We are fast approaching the two month celebration of Elliana's birth. Oh what a ride it has been! She has molded seamlessly into our family and no one has missed a beat. Just like with our sons, our family was missing this one last piece and we are so happy she is here with us.

Adoption has made such a difference in our lives. The people who's stories we have gotten to hear that we might have missed have blessed us in so many ways. Our friends and family who have opened their arms and hearts for our child have never ceased to amaze us. We are reminded how great our God is every single day.

Even in the heart of our happiness when people read my blog, total strangers who take one excerpt and think they know me and then bash me on wanting to raise a daughter. Informing me that she may not like bows and tea parties and frilly things. I just listen. For in my head, I hear my mother laughing at them because I totally know about tomboys. I was one. I am fully aware that our daughter may not like dolls. That she may prefer her brother's army men. That she may not want a tea party (although I did pay tea parties many times with my boy children). And that she may not like dresses or girly things. That's ok with me.

I wanted the experience of raising a daughter. In whatever package she came in. Just the same as my boys. My children have come to me to be unfolded, not molded. But, as with my boys, I will dress her in frilly things until she says no. I will put a bow on her head until she says stop. Just like I dressed my little guys in smocked clothes and john boy jumpers until the ease of using the potty became more important.

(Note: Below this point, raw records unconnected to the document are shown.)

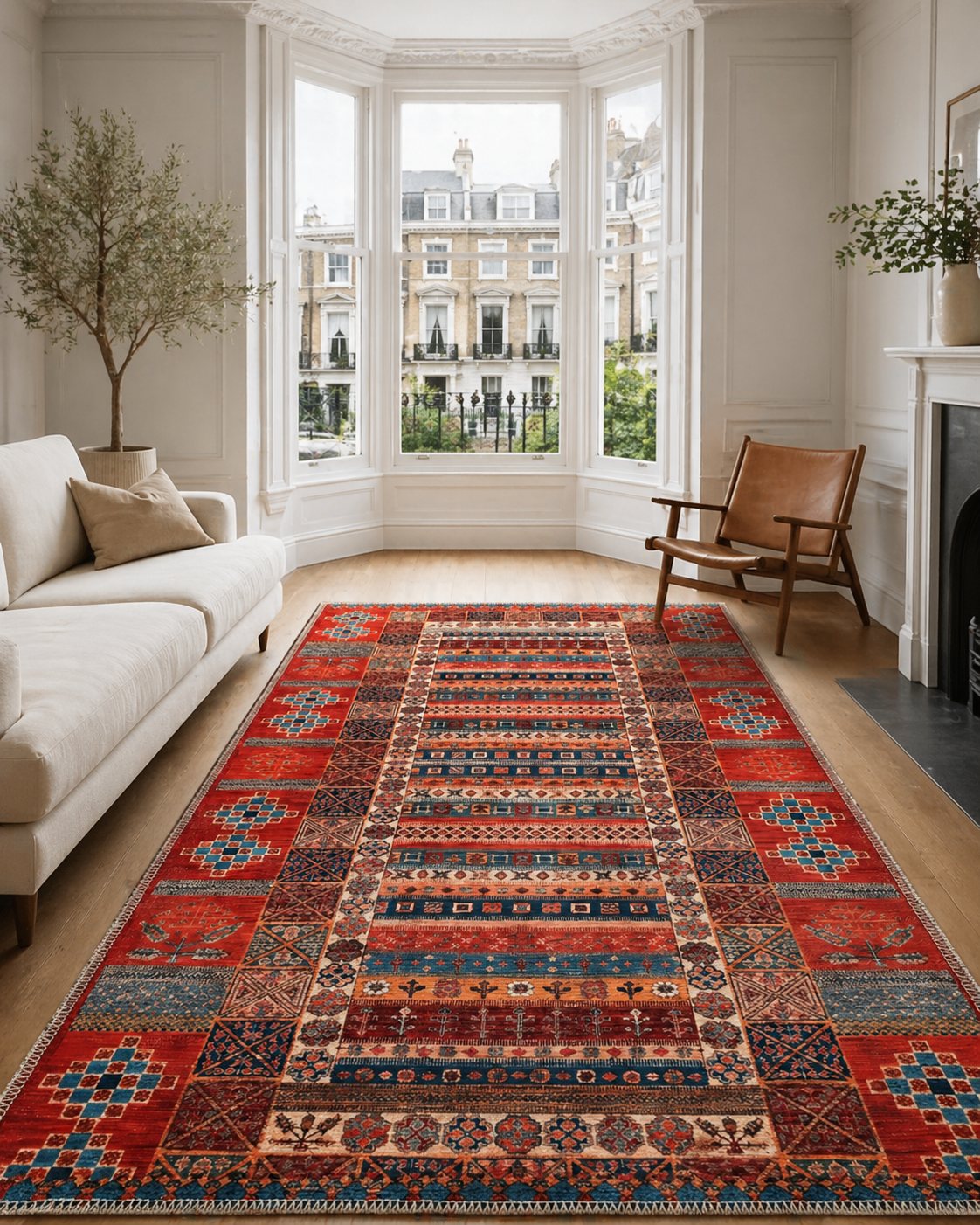 Rust & Navy Gabbeh Stripe Washable Rug in a living room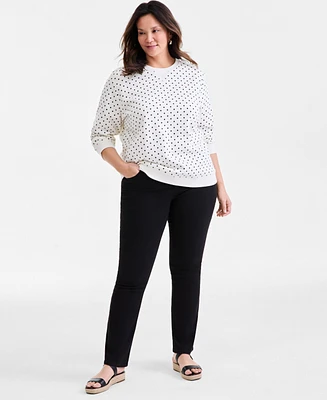 Style & Co Plus Size Printed Fleece Sweatshirt, Exclusively at Macy's
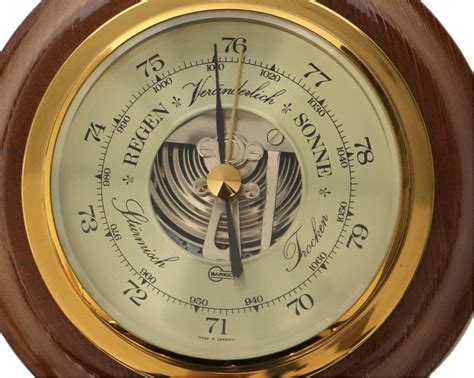 Small Maritime BAROMETER Wood Brass Atmospheric Pressure Etsy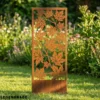Personalized Maple Leaves Metal Garden Panel, Rustic Corten Steel Screen, Autumn Inspired Outdoor Privacy Divider for Yard & Patio - 5 Panels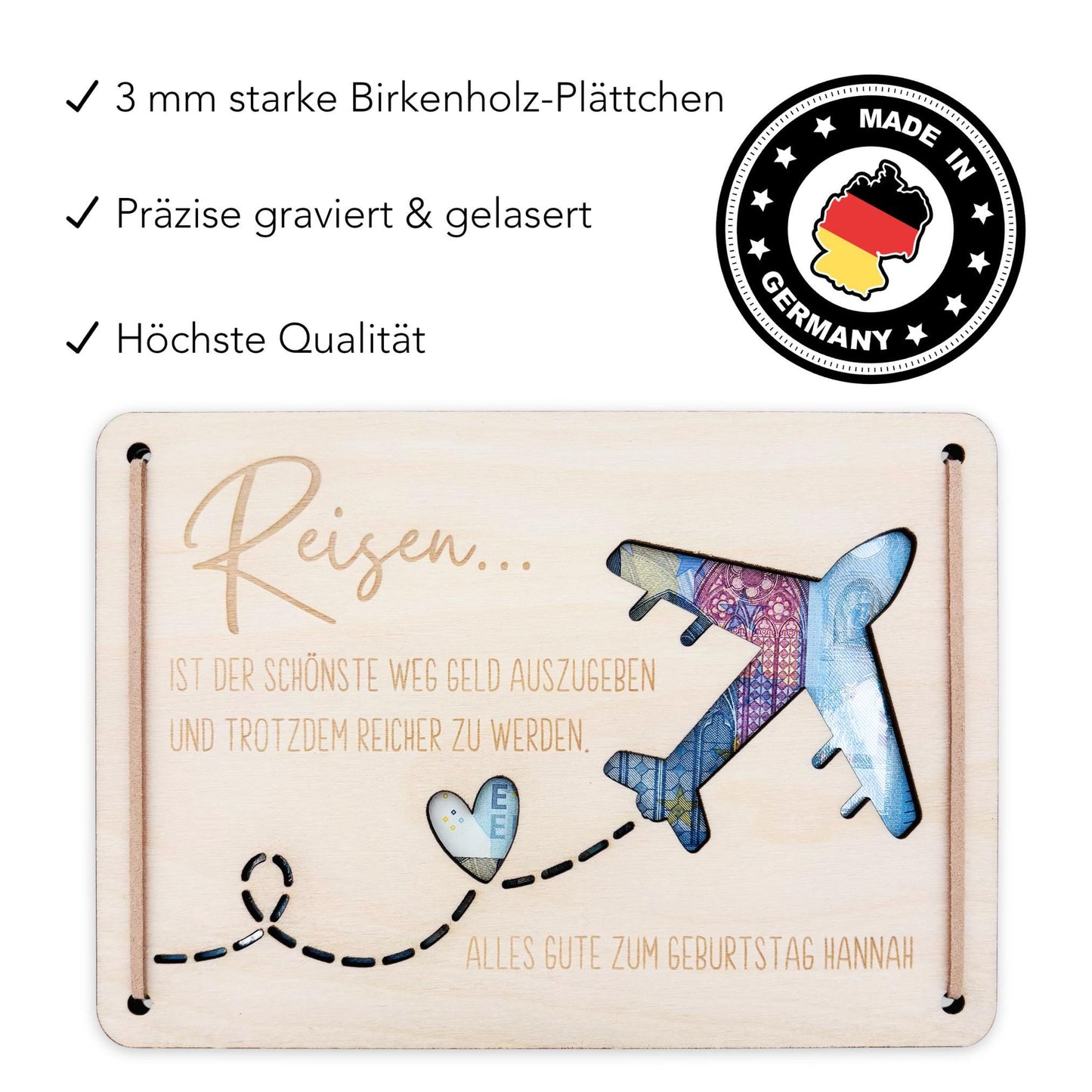 Geldgeschenk Reise Geschenk Reisegutschein Geburtstag personalisierte Geld Verpackung Urlaub Reisekasse Geschenkkarte aus Holz 12x17 cm
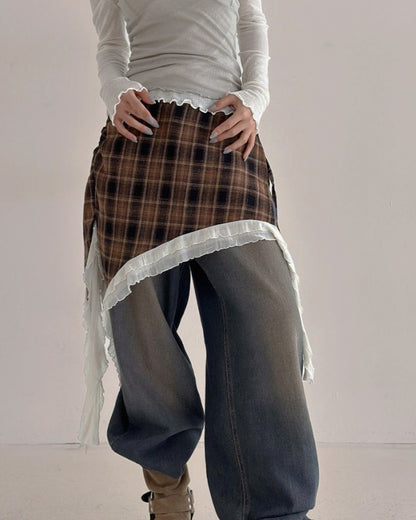 unbalanced check layered wrap skirt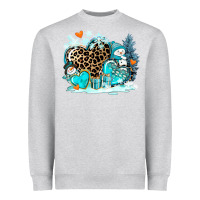 Heather Grey winter hearts with snowmans Heavyweight Sweatshirt - AdoDesignShop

I am not a fool to think that Elliana will be this super girl. I am not a fool to think that she will never get dirty, never run through my house, never shout or burp louder than her brothers. That she will not dig up worms, enjoy to go fishing, or even like boys. I will love her no matter what. That is the joy in parenting, for us. We receive these little blessings from heaven and we nurture and love them until God calls us or them home.

But for now, I admit, I am loving the frills. The pink. The flowers. The chandelier in her room (which is painted green by the way, not pink). I am enjoying putting bows on her that are bigger than her head. Just as I enjoy nursing her, snuggling her, reading to her, rocking her, holding her close to my heart, and telling her stories of the night I met her in a hospital far away from home.

For almost two months I have stared at this face that is embedded in my heart. I have watched her brothers feed her. I have watched her nap on the couch snuggled up in her father's arms. I have seen her Aunt kiss her tiny face and count her precious toes. I have watched as each morning three boys trapse in our bedroom to seek our her smiles. To wish her good morning. To hug her goodnight. To remember her birthmother and family in their prayers.

People can say what they want. They will anyway. I don't mind. I've waited ten years to have a girl child in my home. I'm just going to sit back and enjoy every minute of it. Just like I did with her brothers. Because we love them all. No matter what.